Editor’s note: Arianespace’s Vega VV19 launch webcast will appear here at launch time, which is set for Monday, Aug. 16, at 9:47 p.m. EDT (0147 Aug. 17 GMT).
Arianespace will launch a new Earth observation satellite for Airbus Monday night (Aug. 16), along with four other tiny satellites and you can watch the liftoff live online.
An Arianespace Vega rocket, designated VV19, will launch the Pléiades Neo 4 satellites and a quartet of cubesats from the Guiana Space Center in Kourou, French Guiana in South America at 9:47 p.m. EDT (0147 Aug. 17 GMT). You can watch the launch live on this page on Space.com, courtesy of Arianespace, or directly via the company’s YouTube. The webcast should begin about 20 minutes before liftoff.
The rocket will carry Pléiades Neo 4 — the second of four very high-resolution satellites to launch as part of Airbus’ Pléiades Neo Earth-observing satellite constellation — and four CubeSats, called BRO-4, SUNSTORM, LEDSAT and RADCUBE. All of the satellites, comprising a total payload of approximately 2268 lbs. (1,029 kilograms), will be placed into a sun-synchronous orbit, according to a statement from Arianespace.
Related: Europe’s Vega rocket in photos
The mission will mark Arianespace’s seventh launch of 2021 and Vega’s second launch of 2021, or 19th mission overall, following the launch of Pléiades Neo 3 in April.
The primary payload, Pléiades Neo 4, is the second of four Earth observation satellites for a new satellite constellation built and operated by the German aerospace company Airbus Defence and Space. Pléiades Neo 5 and Pléiades Neo 6 are slated to launch in 2022 to complete the constellation.
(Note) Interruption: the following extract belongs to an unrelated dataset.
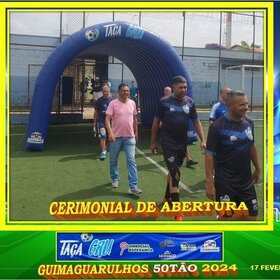 TAÇA GRU GUIMAGUARULHOS 50TÃO 2024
The Pléiades Neo satellites will offer a higher resolution, greater geolocation accuracy, and twice-a-day revisits for “top-level Earth observation services now and going forward for the next ten years,” Arianespace officials said in the statement. “In addition, their reactive tasking ability allows urgent acquisitions 30 to 40 minutes following request — which is five times higher than previous satellite constellations — and respond to the most critical situations in near real-time, [which is] very useful for natural disaster[s].”
The Vega rocket will also deploy four scientific spacecraft, three of which belong to the European Space Agency (ESA) and one for Unseenlabs, a European satellite start-up. ESA’s three payloads include LEDSAT (or LED-based small SATellite), RADCUBE and SUNSTORM. LEDSAT will test the use of Light Emitting Diodes (LEDs) to identify and track the satellites while in-orbit, while RADCUBE will be used to demonstrate the use of small satellites for space weather monitoring, and SUNSTORM will use an innovative solar X-ray spectrometer to detect and characterize solar flares, or coronal mass ejections.
The final payload, BRO-4 (Breizh Reconnaissance Orbiter), is the fourth satellite of a maritime-surveillance constellation operated by Unseenlabs. This nano-satellite constellation is designed to identify electromagnetic signals from space, allowing Unseenlabs to geolocate and characterize ships at sea. The company expects to launch between 20 and 25 nano-satellites for its constellation by 2025, according to the statement.
Correction: This story was updated at 9 p.m. EDT to reflect the correct launch day for Arianespace’s Vega mission. It is Monday night, Aug. 16, not Sunday.